LAG: Lazily Aggregated Gradient for Communication-Efficient Distributed Learning
This work addresses communication efficiency for distributed learning systems, particularly in heterogeneous data settings, representing an incremental improvement over existing gradient methods.
The paper tackles the problem of high communication costs in distributed machine learning by introducing LAG, a gradient method that adaptively reuses outdated gradients to reduce communication and computation. The result is a method that maintains the same convergence rate as batch gradient descent across various convexity conditions and reduces communication rounds, with numerical experiments showing significant communication reduction compared to alternatives.

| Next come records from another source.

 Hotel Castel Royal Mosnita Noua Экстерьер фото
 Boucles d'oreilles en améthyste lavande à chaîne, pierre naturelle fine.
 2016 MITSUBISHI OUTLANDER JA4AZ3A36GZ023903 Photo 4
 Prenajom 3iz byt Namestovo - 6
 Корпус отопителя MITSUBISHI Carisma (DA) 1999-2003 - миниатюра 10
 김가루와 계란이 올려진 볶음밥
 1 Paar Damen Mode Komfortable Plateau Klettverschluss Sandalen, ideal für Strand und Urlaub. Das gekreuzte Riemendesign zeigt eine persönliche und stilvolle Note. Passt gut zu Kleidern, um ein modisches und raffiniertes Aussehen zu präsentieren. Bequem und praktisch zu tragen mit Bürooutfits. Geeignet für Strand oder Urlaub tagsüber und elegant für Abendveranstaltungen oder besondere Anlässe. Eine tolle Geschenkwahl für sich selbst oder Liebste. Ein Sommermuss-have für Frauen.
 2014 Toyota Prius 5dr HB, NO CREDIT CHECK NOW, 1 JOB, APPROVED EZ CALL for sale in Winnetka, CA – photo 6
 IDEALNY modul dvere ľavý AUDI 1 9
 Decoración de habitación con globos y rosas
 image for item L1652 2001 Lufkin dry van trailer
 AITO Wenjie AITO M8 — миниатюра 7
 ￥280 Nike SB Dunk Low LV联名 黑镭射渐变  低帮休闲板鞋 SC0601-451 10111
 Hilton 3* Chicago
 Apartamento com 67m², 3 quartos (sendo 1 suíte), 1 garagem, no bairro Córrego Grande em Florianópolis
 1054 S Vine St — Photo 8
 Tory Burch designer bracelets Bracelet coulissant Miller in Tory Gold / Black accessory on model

This paper presents a new class of gradient methods for distributed machine learning that adaptively skip the gradient calculations to learn with reduced communication and computation. Simple rules are designed to detect slowly-varying gradients and, therefore, trigger the reuse of outdated gradients. The resultant gradient-based algorithms are termed Lazily Aggregated Gradient --- justifying our acronym LAG used henceforth. Theoretically, the merits of this contribution are: i) the convergence rate is the same as batch gradient descent in strongly-convex, convex, and nonconvex smooth cases; and, ii) if the distributed datasets are heterogeneous (quantified by certain measurable constants), the communication rounds needed to achieve a targeted accuracy are reduced thanks to the adaptive reuse of lagged gradients. Numerical experiments on both synthetic and real data corroborate a significant communication reduction compared to alternatives.